I came across The Sound of Gravel while perusing the Goodreads choice nominees, where it was a finalist in the Memoir category. I read the synopsis and couldn’t get my hands on it fast enough.
Ruth Wariner grew up in one of these Mexican polygamist outposts, born to a diehard believer mother and a father she never met; he was murdered by his brother while she was a baby. Her father was Joel LeBaron, founder of the Church of the Firstborn, headquartered on the Colonia LeBaron ranch in Chihuahua, Mexico. Ruth’s mother struggles in extreme poverty to raise Ruth and her siblings while married to her new total shitbag husband, who does nothing but impregnate her and his other wives, abuse the children and perform shoddy repair work around the colony.
Several of Ruth’s siblings have learning or developmental disorders, and it falls to Ruth and her brother Matt to care for the always-growing towheaded brood, while trying to navigate their own childhood stresses like sporadic schooling, malnutrition, hunger, and the lack of steadying familial connections from a reasonable, loving extended family. Reasonable meaning: not an overflowing anthill of half siblings and cousins in a technologically impaired, impoverished, isolated religious colony.
I was continually stunned at how much Ruth’s mother loved her and her siblings, and yet simultaneously, how horribly she neglected them. It was thanks to her choices, her adherence to extremist religious beliefs, that these kids grew up in extreme poverty, separated from loving grandparents, suffering the effects of malnutrition, abuse and trauma. Despite their belief that the United States was a sinful Babylonian empire doomed to impending collapse, the family travels monthly to Texas for food stamps and government benefits, their only income and means of survival. Despite these limited means, already stretched precariously thin considering the number of mouths to be fed plus special needs kids requiring care they’re unable to provide, Ruth’s mother and her aforementioned shitbag husband keep having children, eventually pulling Ruth out of school to help her mother raise them. It was infuriating. And then comes tragedy after tragedy, like a storm that won’t let up.
I can’t sugarcoat it, and Wariner certainly doesn’t either – this is hard stuff to get through. Sometimes I read with a lump in my throat, afraid I’d burst into tears on the subway. As I mentioned, I cried when I finished, because as uplifting as Ruth chooses to make her life, her story, and her siblings’ future, they go through a lot of rockiness getting there. It’s scary, painful, and heartbreakingly sad to read about, and I think it’s human nature to try to make sense of it, to understand something – unfortunately, it’s just not possible to fully comprehend.

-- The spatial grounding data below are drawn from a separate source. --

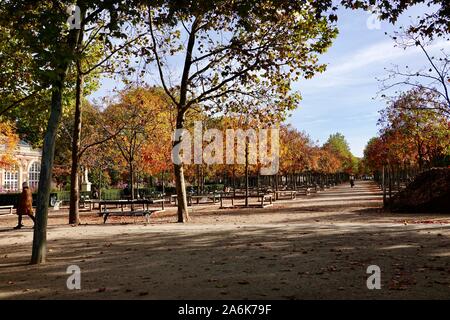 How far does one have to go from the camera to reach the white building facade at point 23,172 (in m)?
55.9

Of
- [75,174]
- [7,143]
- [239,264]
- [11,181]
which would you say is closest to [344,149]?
[11,181]

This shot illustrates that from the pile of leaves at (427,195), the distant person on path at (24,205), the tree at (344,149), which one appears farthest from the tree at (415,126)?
the tree at (344,149)

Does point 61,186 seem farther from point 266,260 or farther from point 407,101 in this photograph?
point 266,260

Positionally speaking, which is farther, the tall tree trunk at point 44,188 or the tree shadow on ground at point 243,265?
the tall tree trunk at point 44,188

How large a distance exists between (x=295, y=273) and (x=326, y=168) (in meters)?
63.0

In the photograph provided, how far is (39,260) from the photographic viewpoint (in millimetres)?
9078

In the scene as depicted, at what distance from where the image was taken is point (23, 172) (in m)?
59.4

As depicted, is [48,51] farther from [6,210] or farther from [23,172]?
[23,172]

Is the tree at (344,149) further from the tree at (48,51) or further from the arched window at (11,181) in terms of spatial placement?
the tree at (48,51)

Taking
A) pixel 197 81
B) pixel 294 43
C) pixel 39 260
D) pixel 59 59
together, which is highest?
pixel 294 43

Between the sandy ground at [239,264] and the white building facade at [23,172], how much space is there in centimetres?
4726

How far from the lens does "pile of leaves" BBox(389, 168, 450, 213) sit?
61.9 ft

Ruth’s strength, energy, vision for the future, and unlimited love are the positive takeaway messages, the rest is the sad remains of what religious extremism is capable of. She’s an effortlessly emotional writer, yet still with the remove and careful consideration that comes with time and maturity. She writes such rich detail and description of her siblings that they become familiar, people we know and feel for, and it’s hard to follow along with what they are subjected to.
I don’t think I’ve ever read a book that had me thinking about it so much during the time I wasn’t reading. I burned through it in every spare moment over the course of two days, and cried when I finished. I’m so sorry that anyone had to live this life. No one should have to endure what Ruth endured, but she’s an inspiring survivor. On her website, I clicked through photos of her and her siblings, Ruth on her wedding day – and she’s beautiful and shining, her smile radiates – I was just moved to tears. She’s so positive, so loving despite admitting that her mother could never teach or show her how to love because she didn’t know how herself. Ruth becomes the glue that holds her family together, and in the intense final passages of the book, she’s the impetus that propels them out from their troubled beginnings to a better life back across the border. Incomparably inspiring, despite so much grittiness.